# Data formats (CSV vs. Parquet vs. ORC)


### Overview
Comparing different data formats for Dataframes.  We will evaluate JSON, Parquet and ORC format.

Background reads:
- [Spark data frames](https://spark.apache.org/docs/latest/sql-programming-guide.html)
- JSON format 
    - [wikipedia](https://en.wikipedia.org/wiki/JSON)
    - [json.org](http://json.org/)
- Parquet format
    - [Parquet project](https://parquet.apache.org/)
    - [parquet github](https://github.com/Parquet/parquet-format)
    - [presentation](http://www.slideshare.net/larsgeorge/parquet-data-io-philadelphia-2013)
- ORC format
    + [ORC project](https://orc.apache.org/)
    + [ORC explained](http://www.semantikoz.com/blog/orc-intelligent-big-data-file-format-hadoop-hive/)
    + [ORC performance](http://docs.hortonworks.com/HDPDocuments/HDP2/HDP-2.4.3/bk_performance_tuning/content/hive_perf_best_pract_use_orc_file_format.html)

### Depends On 
None

### Run time
20-30 mins


## STEP-1: Verify Data

We will use the transaction data that you have generated before.

We will assume it is under `data/transactions/csv` directory.

If you don't have this, you can follow the **data-generation** labs to generate some data.  

If you need to generate data, you can use script `03-data-generator/datagen-tx-medium.py`

### Benchmarking tips

You can start with 1 million rows of data.  
To get accurate benchmark readings, use atleast **100 million rows** of data.

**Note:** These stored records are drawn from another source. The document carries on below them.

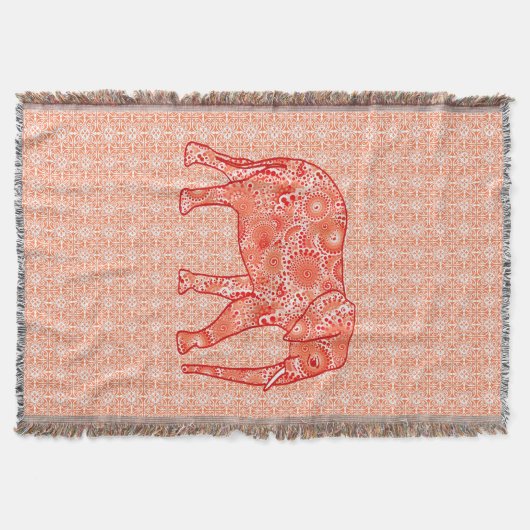 Fractale wervelolifant, koraal sinaasappel en perz deken (Voorkant)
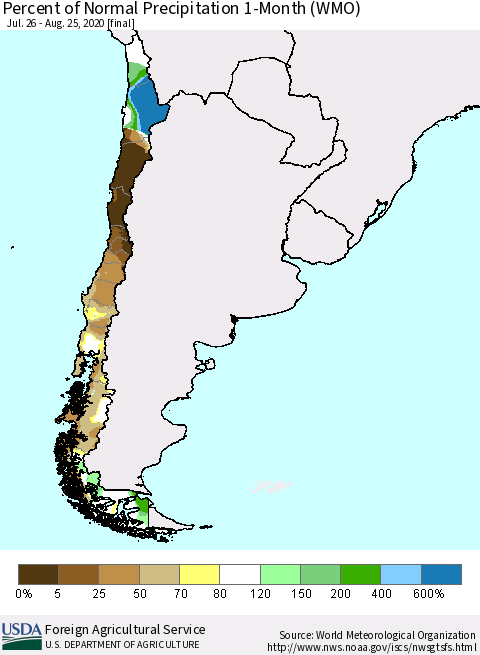 Chile Percent of Normal Precipitation 1-Month (WMO) Thematic Map For 7/26/2020 - 8/25/2020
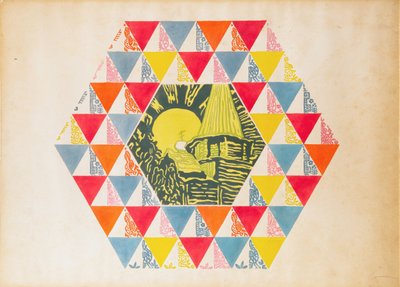 テキスタイルデザイン、約1923-1924年 作： Leon Bakst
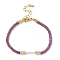 Braided Nylon Cord Bracelet Making, with Golden Tone 304 Stainless Steel Lobster Claw Clasps and Brass Findings, Blue Violet, 6-7/8 inch(17.5cm), Pin: 1mm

## STEP-2: Benchmarking Spreadsheet
Download and inspect **dataformats-benchmark.xlsx** (from this directory)

**We will be filling out the values in this spreadsheet**

## Step-3 - Init Spark

In [1]:
try:
    spark
except NameError:
    import findspark
    findspark.init()  # uses SPARK_HOME
    print("Spark found in : ", findspark.find())

    import pyspark
    from pyspark import SparkConf
    from pyspark.sql import SparkSession

    # use a unique tmep dir for warehouse dir, so we can run multiple spark sessions in one dir
    import tempfile
    tmpdir = tempfile.TemporaryDirectory()

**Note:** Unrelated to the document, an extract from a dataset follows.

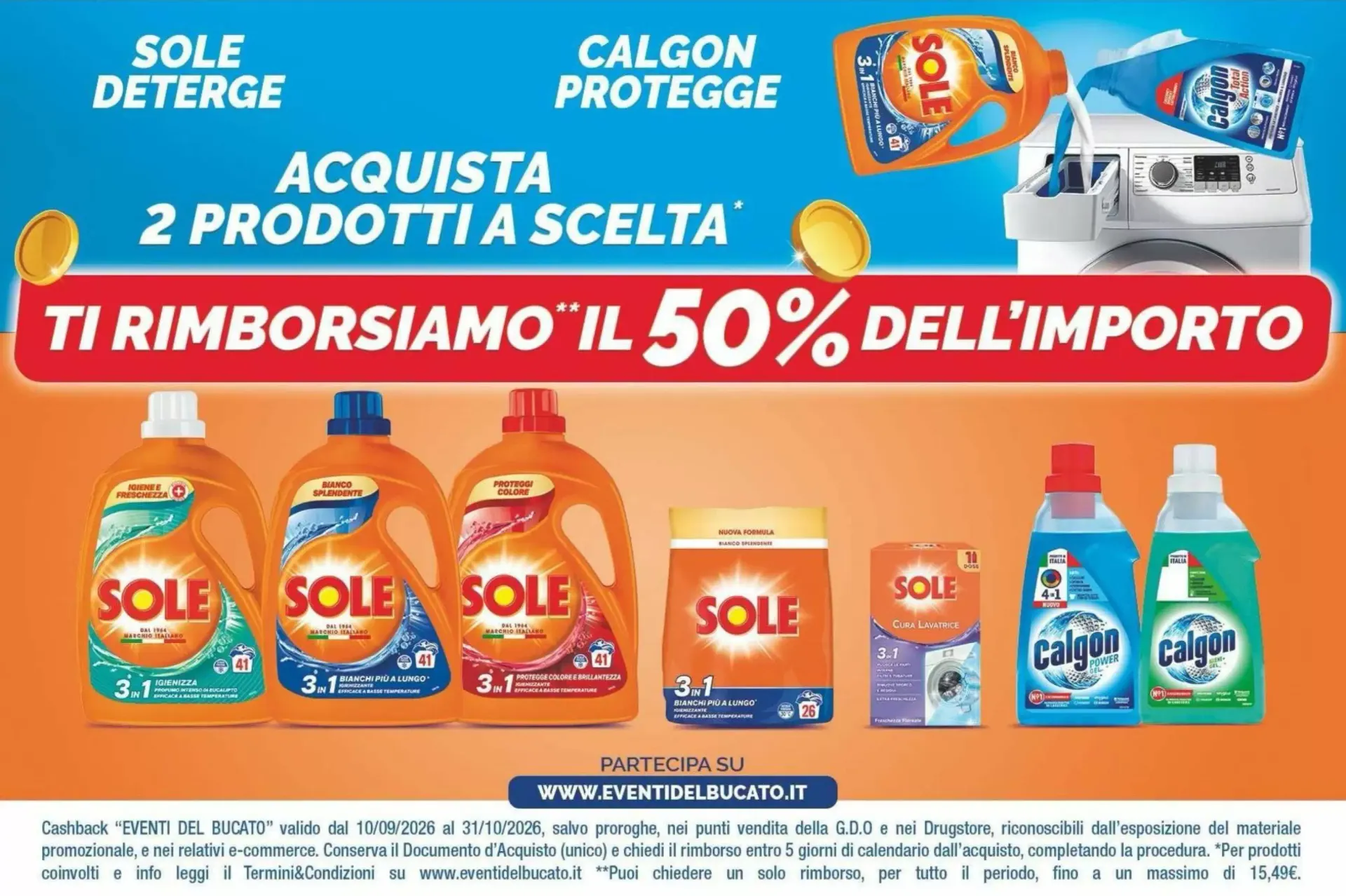 Cashback Sole y Calgon da 10 settembre a 31 ottobre di 2026 - Pagina del volantino 1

    config = ( SparkConf()
             .setAppName("TestApp")
             .setMaster("local[*]")
             .set('executor.memory', '2g')
             .set('spark.sql.warehouse.dir', tmpdir.name)
             .set("some_property", "some_value") # another example
             )

    spark = SparkSession.builder.config(conf=config).getOrCreate()
    sc = spark.sparkContext

print('Spark UI running on port ' + spark.sparkContext.uiWebUrl.split(':')[2])

Spark found in :  /home/sujee/apps/spark
Spark UI running on port 4040


## Step-4: Monitoring processes

It is recommended that you use a process monitor, like `top` or `atop`, to keep an eye on the processes running while the data conversions are running

If you are on a linux based system, 

- open a terminal 
- invoke `top`  or `atop`

## STEP 5: Load Transaction data (CSV)

- **==> While the import is running take a look at `atop` terminal.  Which of the resources (cpu / memory / disk_ are we maxing out?**  


In [3]:
import time

t1 = time.perf_counter()

df_csv = spark.read.csv("../data/transactions/csv", header=True, inferSchema=True)

t2 = time.perf_counter()
print ("Loaded CSV in {:,.2f} ms ".format( (t2-t1)*1000))
print(df_csv)

Loaded CSV in 1,314.26 ms 
DataFrame[id: string, timestamp: string, mti: int, card_number: bigint, amount_customer: double, merchant_type: int, merchant_id: int, merchant_address: string, ref_id: string, amount_merchant: double, response_code: int]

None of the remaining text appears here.